Types of Fraud
SC workers’ comp fraud comes in many different forms. Some forms lead back to the employee, others to the employer, and others to health care providers. Here is a brief overview of fraud categories:
There are two main ways by which dishonest employees try to “play the system.” Once a worker has been hurt on the job, goes through the standard procedures to file a claim, and begins receiving workers’ comp checks, he may attempt to get hired for another job and earn income while he is being compensated for his injury. Another common scam is simply to pretend that an injury occurred at work in order to get some “paid vacation” time. The injury may have occurred at home or elsewhere; it may be an old injury; or there may be no injury at all.

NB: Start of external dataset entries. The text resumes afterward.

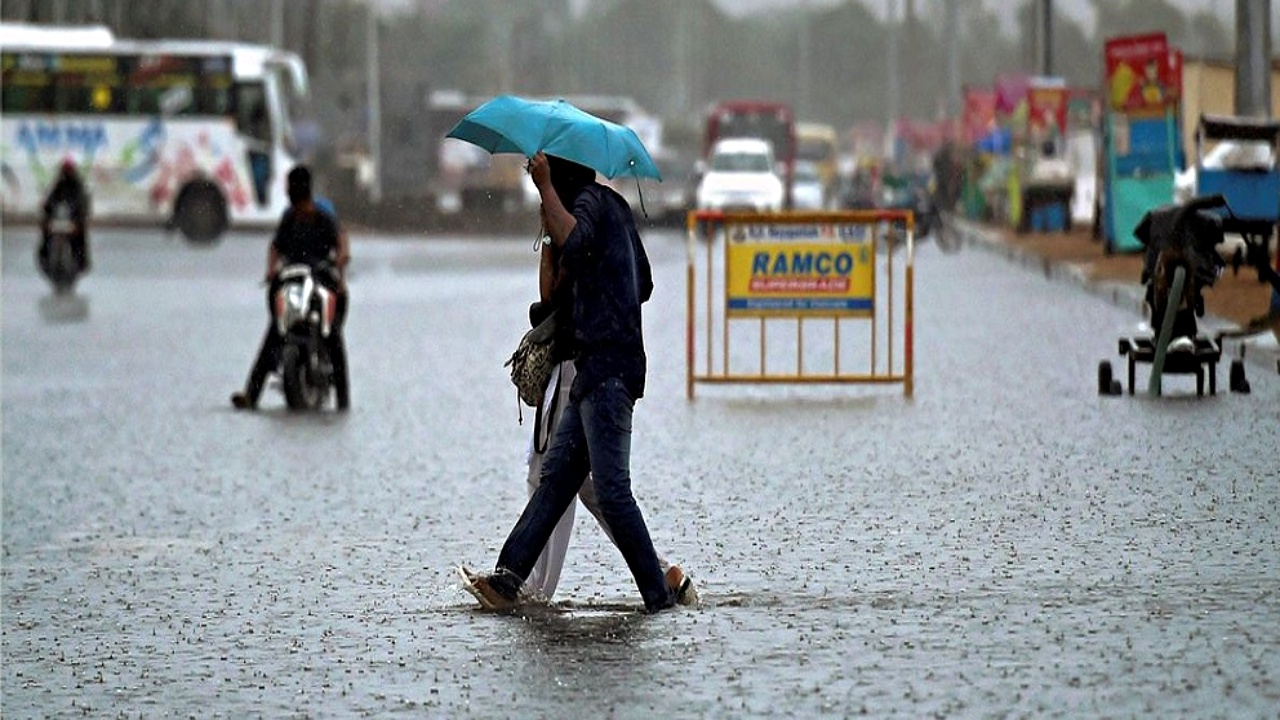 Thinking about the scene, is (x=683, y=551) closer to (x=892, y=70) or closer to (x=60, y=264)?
(x=60, y=264)

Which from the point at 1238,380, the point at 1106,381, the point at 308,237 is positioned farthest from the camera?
the point at 308,237

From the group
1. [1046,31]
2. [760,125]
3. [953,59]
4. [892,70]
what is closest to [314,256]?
[1046,31]

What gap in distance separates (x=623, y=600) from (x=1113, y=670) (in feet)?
6.75

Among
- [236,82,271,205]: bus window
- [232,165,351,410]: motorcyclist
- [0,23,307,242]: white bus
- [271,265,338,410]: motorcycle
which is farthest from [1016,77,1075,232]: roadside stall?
[271,265,338,410]: motorcycle

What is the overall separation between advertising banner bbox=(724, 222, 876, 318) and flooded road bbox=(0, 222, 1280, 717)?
611 mm

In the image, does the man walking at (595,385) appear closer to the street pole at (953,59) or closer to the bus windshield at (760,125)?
the street pole at (953,59)

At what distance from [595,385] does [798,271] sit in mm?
9706

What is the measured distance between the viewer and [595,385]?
8727mm

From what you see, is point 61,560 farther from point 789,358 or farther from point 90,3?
point 90,3

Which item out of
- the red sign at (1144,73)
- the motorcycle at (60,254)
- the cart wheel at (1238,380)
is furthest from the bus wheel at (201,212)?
the cart wheel at (1238,380)

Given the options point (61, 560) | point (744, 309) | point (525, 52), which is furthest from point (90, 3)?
point (61, 560)

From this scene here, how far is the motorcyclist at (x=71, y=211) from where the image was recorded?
3369cm

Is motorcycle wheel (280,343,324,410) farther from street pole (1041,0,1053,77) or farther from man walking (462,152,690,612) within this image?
street pole (1041,0,1053,77)

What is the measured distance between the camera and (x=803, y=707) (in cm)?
716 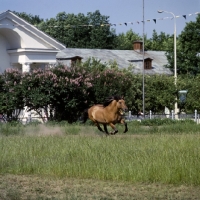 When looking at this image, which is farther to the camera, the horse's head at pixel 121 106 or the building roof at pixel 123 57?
the building roof at pixel 123 57

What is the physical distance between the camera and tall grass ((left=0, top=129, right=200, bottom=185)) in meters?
14.4

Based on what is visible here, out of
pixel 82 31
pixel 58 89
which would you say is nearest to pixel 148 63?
pixel 82 31

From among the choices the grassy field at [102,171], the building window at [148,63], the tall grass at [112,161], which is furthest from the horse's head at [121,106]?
the building window at [148,63]

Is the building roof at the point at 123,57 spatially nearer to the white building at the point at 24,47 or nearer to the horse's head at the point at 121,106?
the white building at the point at 24,47

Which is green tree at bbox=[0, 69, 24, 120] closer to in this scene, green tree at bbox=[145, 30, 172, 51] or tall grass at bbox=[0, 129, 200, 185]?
tall grass at bbox=[0, 129, 200, 185]

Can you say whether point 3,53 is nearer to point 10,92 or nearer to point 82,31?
point 10,92

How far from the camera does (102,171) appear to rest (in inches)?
597

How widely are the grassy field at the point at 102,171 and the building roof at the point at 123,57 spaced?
175 ft

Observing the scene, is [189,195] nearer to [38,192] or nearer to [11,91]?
[38,192]

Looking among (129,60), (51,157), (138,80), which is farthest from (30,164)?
(129,60)

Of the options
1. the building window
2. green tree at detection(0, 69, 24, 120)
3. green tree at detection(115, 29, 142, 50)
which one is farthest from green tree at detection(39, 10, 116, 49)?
green tree at detection(0, 69, 24, 120)

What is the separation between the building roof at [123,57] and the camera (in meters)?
74.2

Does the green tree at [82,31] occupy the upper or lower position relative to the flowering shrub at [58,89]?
upper

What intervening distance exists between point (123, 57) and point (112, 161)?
6398cm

The SC workers’ comp insurance system relies on accurate, honest reporting by employers. If that reporting is incorrect, either intentionally or unintentionally, the system will not function as it should. A common problem is categorizing employees incorrectly. A construction worker’s insurance premiums are higher than those of a receptionist due to the higher injury risk. But if the employer classifies the construction worker as an office worker to get a lower premium payment, the employee and ultimately the entire system will be cheated.
Sadly, some health care providers engage in SC workers’ comp fraud by billing multiple insurance companies for the same treatment. A practice may even agree to test or treat an employee for injuries after discovering that there is no reason to do so, simply to gain payment for the services.

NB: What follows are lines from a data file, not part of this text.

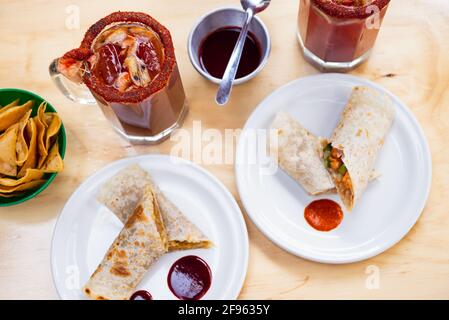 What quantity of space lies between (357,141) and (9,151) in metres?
1.10

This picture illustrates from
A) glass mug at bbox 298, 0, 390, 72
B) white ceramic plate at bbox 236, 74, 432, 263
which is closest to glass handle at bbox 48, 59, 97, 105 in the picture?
white ceramic plate at bbox 236, 74, 432, 263

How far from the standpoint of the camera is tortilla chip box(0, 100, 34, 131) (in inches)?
65.1

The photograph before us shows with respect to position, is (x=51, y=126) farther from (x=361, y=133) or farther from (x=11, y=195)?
(x=361, y=133)

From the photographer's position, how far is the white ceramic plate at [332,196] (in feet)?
5.45

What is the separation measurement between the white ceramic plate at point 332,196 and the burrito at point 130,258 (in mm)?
307

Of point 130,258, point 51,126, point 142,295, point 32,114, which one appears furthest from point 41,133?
point 142,295

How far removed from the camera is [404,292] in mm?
1665

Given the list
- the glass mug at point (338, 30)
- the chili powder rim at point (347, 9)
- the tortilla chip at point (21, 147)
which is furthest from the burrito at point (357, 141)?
the tortilla chip at point (21, 147)

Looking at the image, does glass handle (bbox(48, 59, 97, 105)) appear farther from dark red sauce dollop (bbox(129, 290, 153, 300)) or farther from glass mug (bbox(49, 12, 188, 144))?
dark red sauce dollop (bbox(129, 290, 153, 300))

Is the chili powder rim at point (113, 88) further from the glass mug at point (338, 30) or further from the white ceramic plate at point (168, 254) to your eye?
the glass mug at point (338, 30)

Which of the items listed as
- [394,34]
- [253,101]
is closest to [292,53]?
[253,101]

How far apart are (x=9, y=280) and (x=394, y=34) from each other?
1590 mm

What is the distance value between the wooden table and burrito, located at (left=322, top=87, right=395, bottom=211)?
0.51 feet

Fighting Fraud Through Clarity
There are many things that you, as an employer, can do to fight SC workers’ comp fraud. Most of those things are not even directly related to the issue, though—they are simply good business practices that will save your company money in many different ways. The fact is, most workers’ compensation fraud schemes rely on one major factor: lack of communication. Consider these scenarios:
- When an individual applies for a job while collecting workers’ comp benefits, he counts on his new employer not finding out about his injury status.
- When an employee claims that an old injury is a brand new work-related one, he counts on his employer not investigating his past medical records.

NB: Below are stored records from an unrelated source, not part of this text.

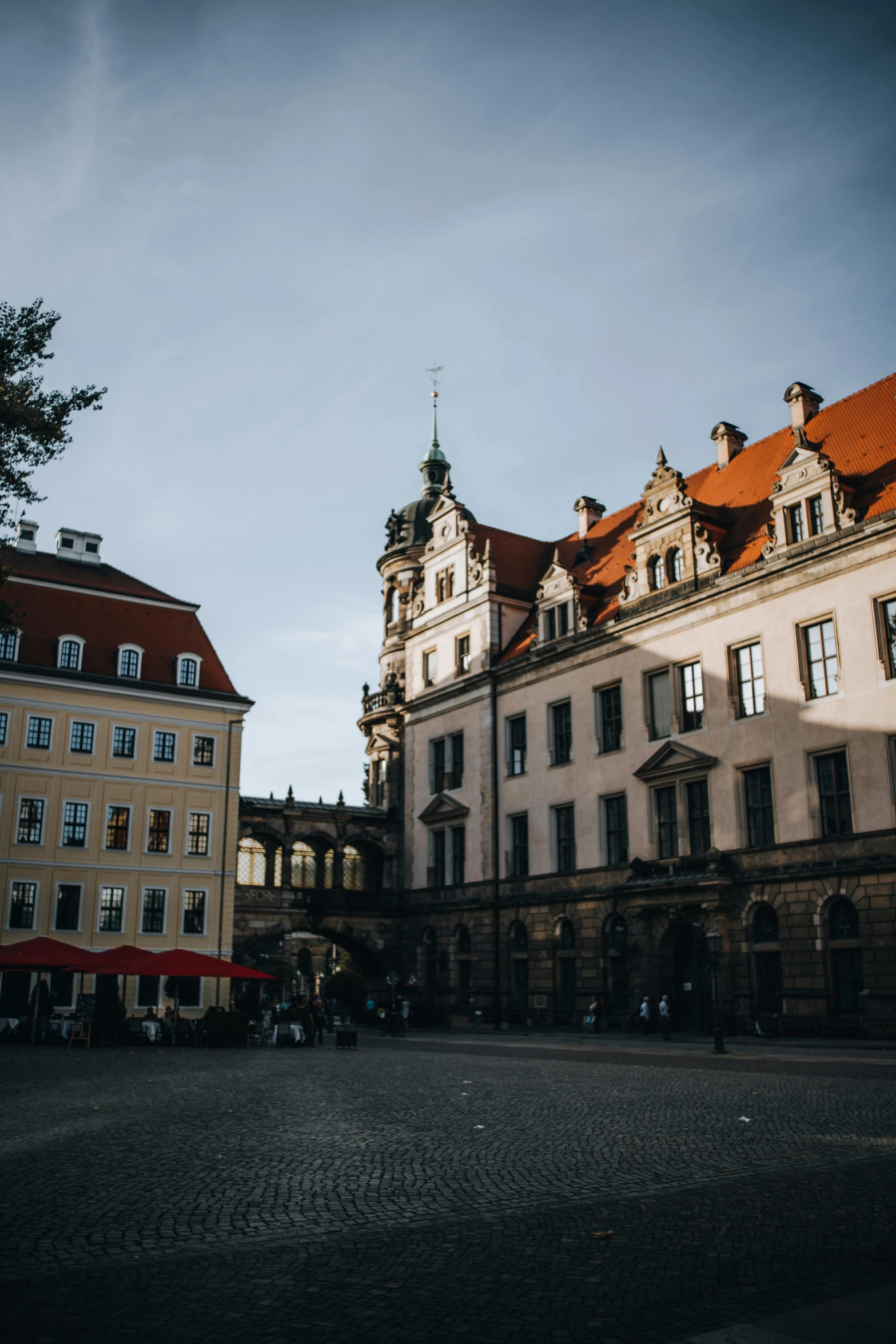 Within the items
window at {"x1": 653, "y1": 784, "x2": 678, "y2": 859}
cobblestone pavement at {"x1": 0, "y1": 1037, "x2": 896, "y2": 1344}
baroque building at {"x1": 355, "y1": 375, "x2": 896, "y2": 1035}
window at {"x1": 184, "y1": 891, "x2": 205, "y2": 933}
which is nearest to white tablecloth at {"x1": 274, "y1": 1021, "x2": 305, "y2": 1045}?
baroque building at {"x1": 355, "y1": 375, "x2": 896, "y2": 1035}

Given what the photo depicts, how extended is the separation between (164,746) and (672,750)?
22.3 metres

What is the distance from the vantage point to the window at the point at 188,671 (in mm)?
50562

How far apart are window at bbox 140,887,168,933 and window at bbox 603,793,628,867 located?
18994mm

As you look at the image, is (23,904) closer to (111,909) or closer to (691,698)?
(111,909)

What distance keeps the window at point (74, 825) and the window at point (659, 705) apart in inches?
925

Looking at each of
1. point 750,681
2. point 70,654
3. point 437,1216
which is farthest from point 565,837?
point 437,1216

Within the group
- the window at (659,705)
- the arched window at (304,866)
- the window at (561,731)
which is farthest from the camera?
the arched window at (304,866)

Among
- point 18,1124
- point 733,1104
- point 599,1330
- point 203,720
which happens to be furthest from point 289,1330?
point 203,720

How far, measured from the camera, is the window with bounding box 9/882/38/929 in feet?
147

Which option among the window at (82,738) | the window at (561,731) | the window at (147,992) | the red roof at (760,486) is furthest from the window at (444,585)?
the window at (147,992)

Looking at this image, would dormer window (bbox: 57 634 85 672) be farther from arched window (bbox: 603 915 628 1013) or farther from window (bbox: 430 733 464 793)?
arched window (bbox: 603 915 628 1013)

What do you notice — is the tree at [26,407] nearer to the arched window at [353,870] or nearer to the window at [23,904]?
the window at [23,904]

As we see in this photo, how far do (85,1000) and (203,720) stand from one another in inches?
577

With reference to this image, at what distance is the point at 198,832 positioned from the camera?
4934 centimetres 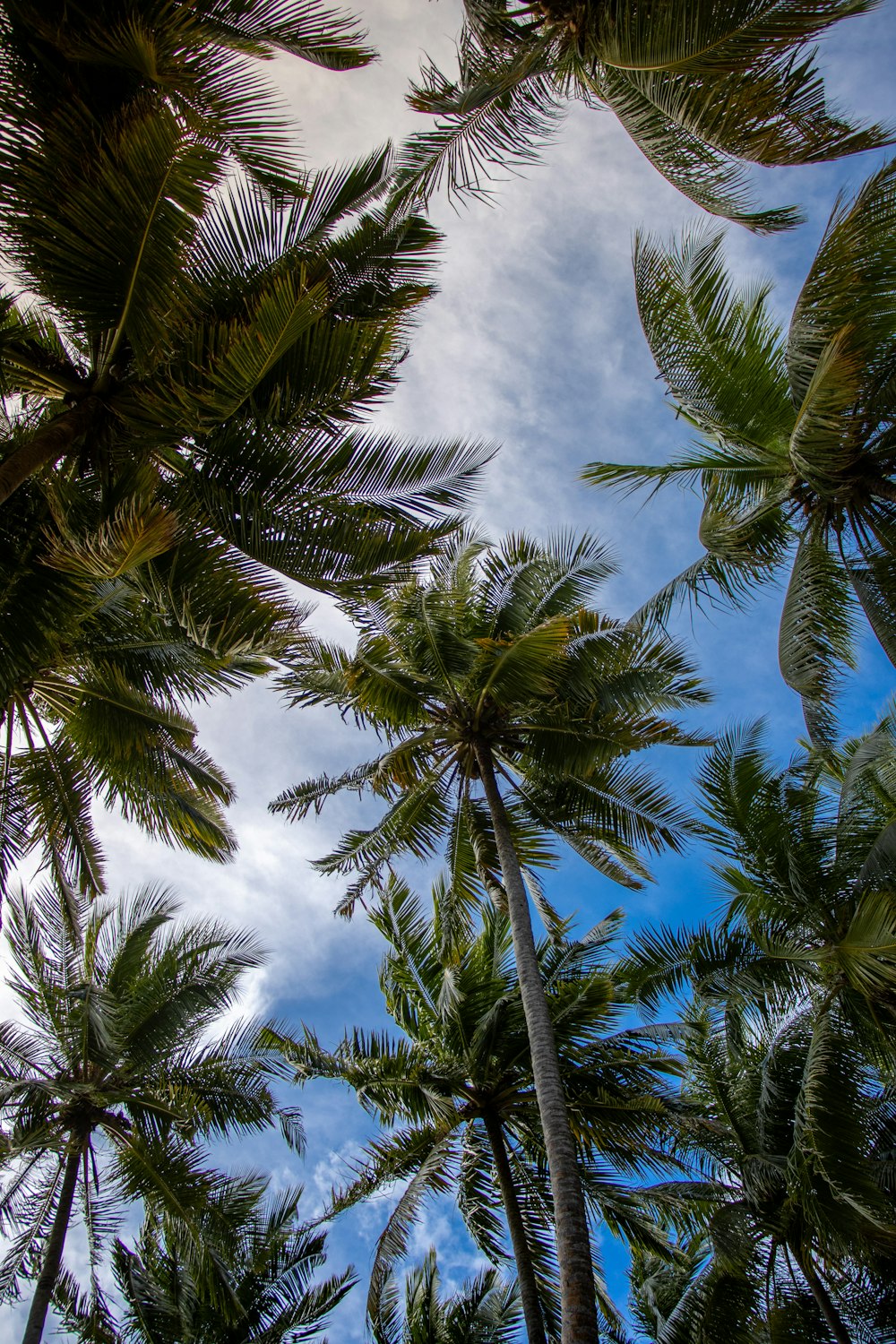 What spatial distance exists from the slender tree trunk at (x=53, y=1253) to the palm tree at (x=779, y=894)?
813cm

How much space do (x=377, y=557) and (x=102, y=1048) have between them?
9.67 metres

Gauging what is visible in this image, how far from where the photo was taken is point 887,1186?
1184cm

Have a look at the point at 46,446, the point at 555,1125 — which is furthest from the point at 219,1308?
the point at 46,446

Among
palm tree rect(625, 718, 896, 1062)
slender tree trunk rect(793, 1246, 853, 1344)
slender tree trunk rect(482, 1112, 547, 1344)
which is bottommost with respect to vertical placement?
slender tree trunk rect(793, 1246, 853, 1344)

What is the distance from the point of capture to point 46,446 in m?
5.50

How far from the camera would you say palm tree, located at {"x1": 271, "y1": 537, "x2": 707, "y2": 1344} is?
1141 centimetres

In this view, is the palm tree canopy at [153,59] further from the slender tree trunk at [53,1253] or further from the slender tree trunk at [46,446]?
the slender tree trunk at [53,1253]

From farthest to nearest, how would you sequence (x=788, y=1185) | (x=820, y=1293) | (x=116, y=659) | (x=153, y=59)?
(x=820, y=1293)
(x=788, y=1185)
(x=116, y=659)
(x=153, y=59)

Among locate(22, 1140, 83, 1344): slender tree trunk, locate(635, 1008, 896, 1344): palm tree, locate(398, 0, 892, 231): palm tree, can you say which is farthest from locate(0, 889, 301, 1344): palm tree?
locate(398, 0, 892, 231): palm tree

- When a manager incorrectly classifies a high-risk worker as a low-risk one, he counts on no one auditing that choice and discovering the error.
- When a health care provider bills two insurance companies for the same service, it counts on neither company communicating with the other about the claim.
As you can see, the more communication there is between an employer and his employees, insurance providers, health care practices, past employers, and other agencies, the less opportunity there is for fraud to slip through the cracks.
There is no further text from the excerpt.